Uno de los lugares comunes más repetidos es aquel que hace de la pobreza la principal causa de la revolución, ignorando que Francia era el país más rico y poderoso de Europa en 1789 y que la Rusia de las postrimerías del siglo XIX se estaba desarrollando aceleradamente. Sin embargo, en ambos países prendió la chispa, no por la pobreza, que obviamente no se había superado, sino por el predominio de las ideas disociadoras entre los jóvenes privilegiados. Quien se detenga a pensar en la expresión Inteligenzia, para referirse a los egresados de las universidades rusas a partir de 1880, convertidas en focos de inculturación marxista, entenderá el peligro que se corre por haber tolerado, a partir de 1936, la progresiva toma de las universidades en Colombia por cábalas disociadoras.

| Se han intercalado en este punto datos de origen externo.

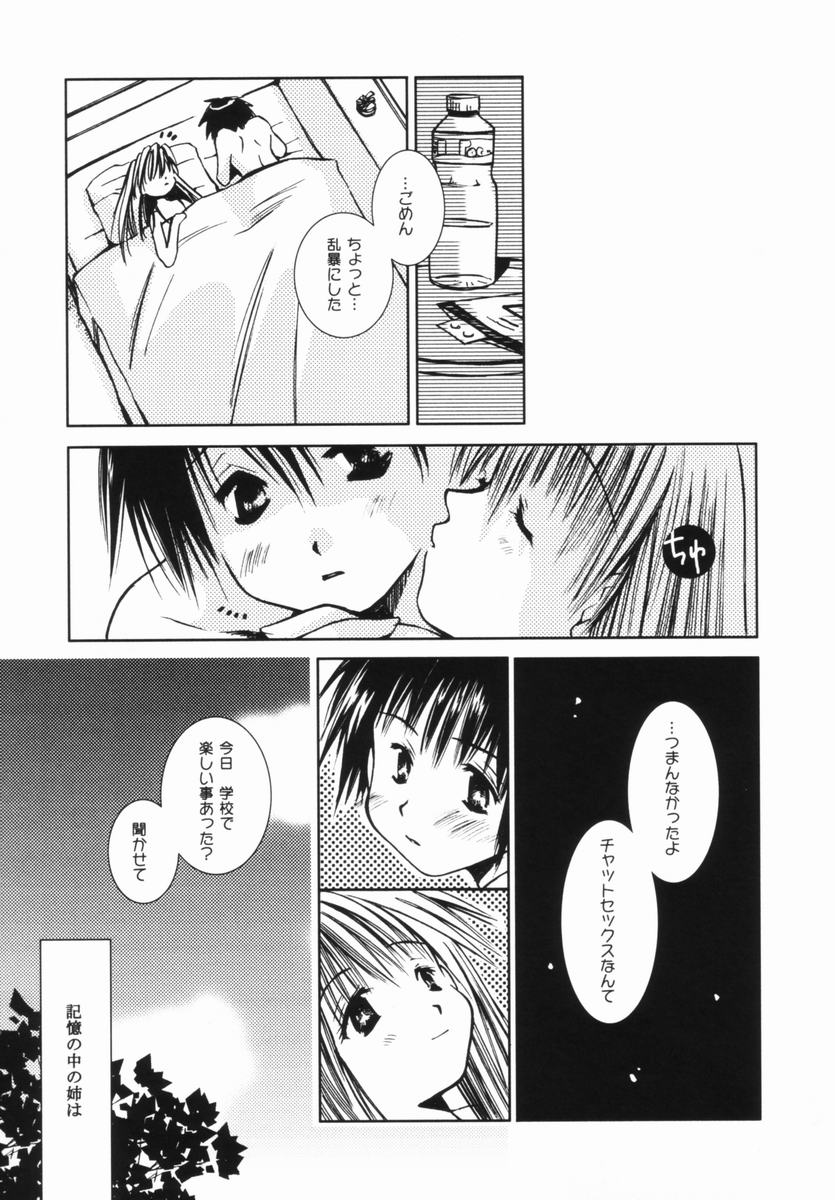 [御形屋はるか] 桃蜜娘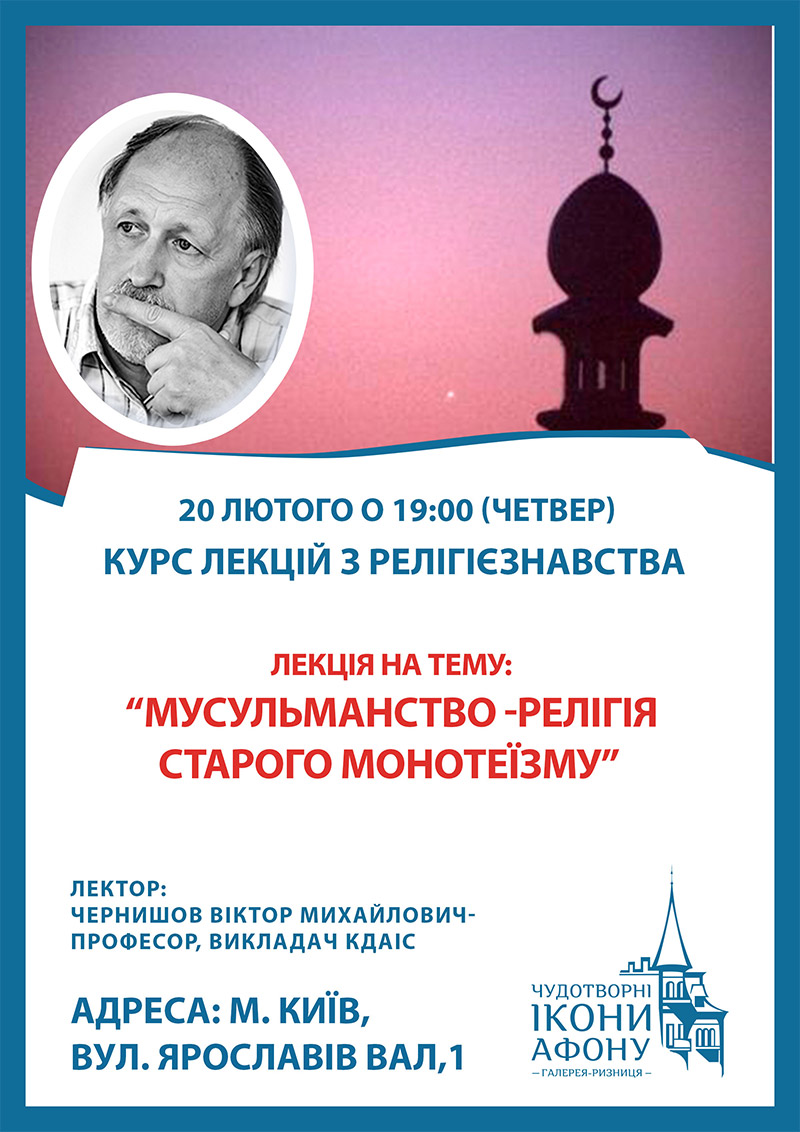 Мусульманство, релігія старого монотеїзму. Лекція у Києві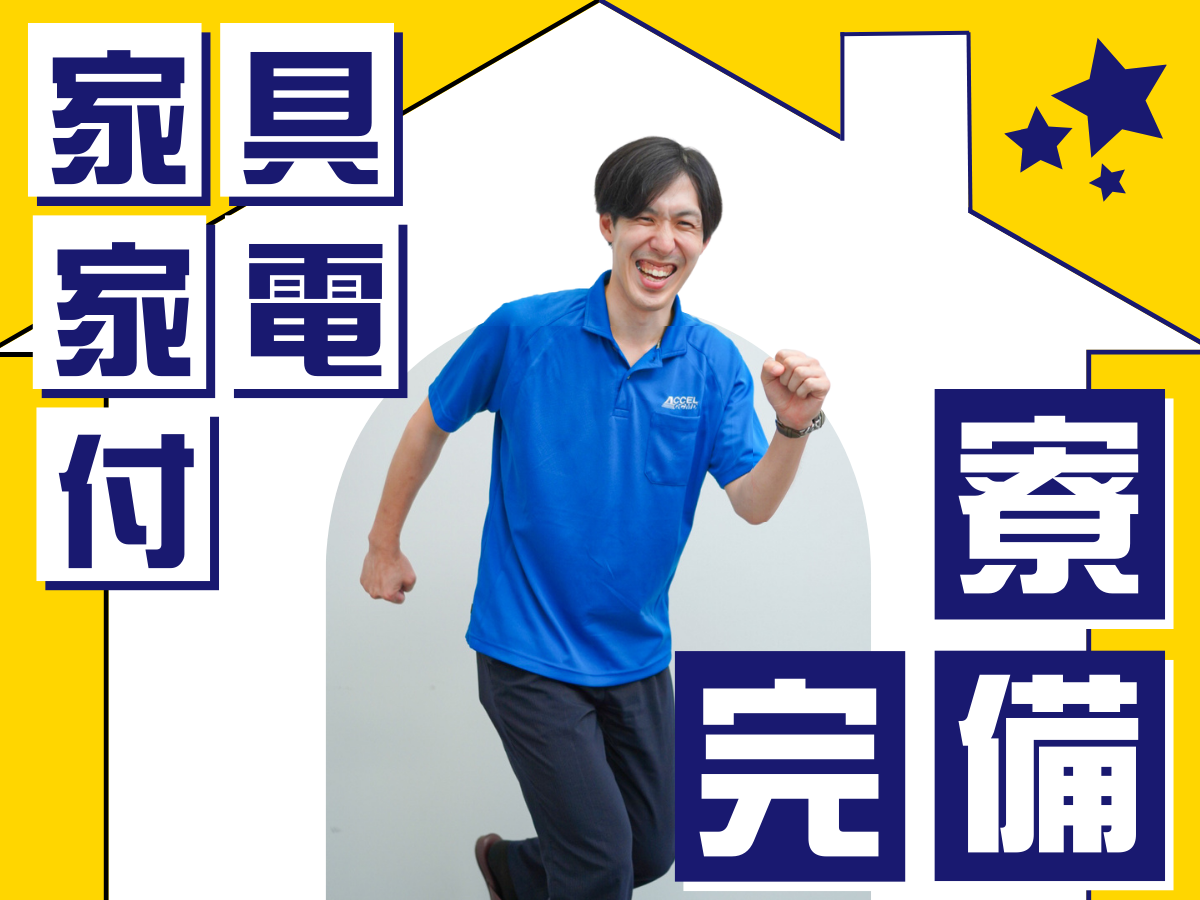自動車部品の加工/土日休み/年間休日121日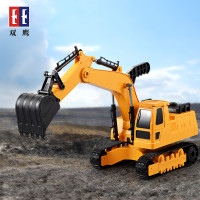 双鹰doubleeagle 儿童手动挖掘机大号勾机挖土机 E232-002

Y esto no ocurre solo en nuestro país. John A. Perricone, en un excepcional artículo en Crisis Magazine, septiembre 23/ 2020 (https://www.crisismagazine.com/2020/occupy-harvard), dice:

(…) aterradoras escenas de saqueo, vandalismo y muerte en nuestras principales ciudades, en los pasados meses, traen el problema de la educación superior a nuestra atención. La mitad de los revoltosos son jóvenes blancos, criados en la riqueza y los privilegios. ¿De dónde les viene esa ferocidad contra América y las bases de la civilización occidental? La evidencia de décadas nos dirige directamente a los salones de clase. Durante más de medio siglo una penetración a la vez subrepticia y decidida, en todo el sistema educativo, se ha completado. Su raison d’ être ha sido antioccidental en todo aspecto: económico, filosófico, literario y artístico. Es sorprendente que todo esto se haya efectuado sin ninguna queja de las gentes ordinarias y haya sido sufragado por los propios padres (…) Nuestras escuelas primarias y secundarias, universidades y escuelas de postgrado, incuban un nuevo bolchevismo (…) Un puñado de universidades privadas ha escapado a la larga mano de la revolución, pero de 5.300 universidades y colleges, apenas 27 ofrecen el currículo tradicional. ¡No es mayor consuelo!

Atroz perspectiva es la de que, así como sucedió en Rusia en 1917, pueda presentarse pronto la revolución en los Estados Unidos. ¡No están, entonces, mejor que nosotros!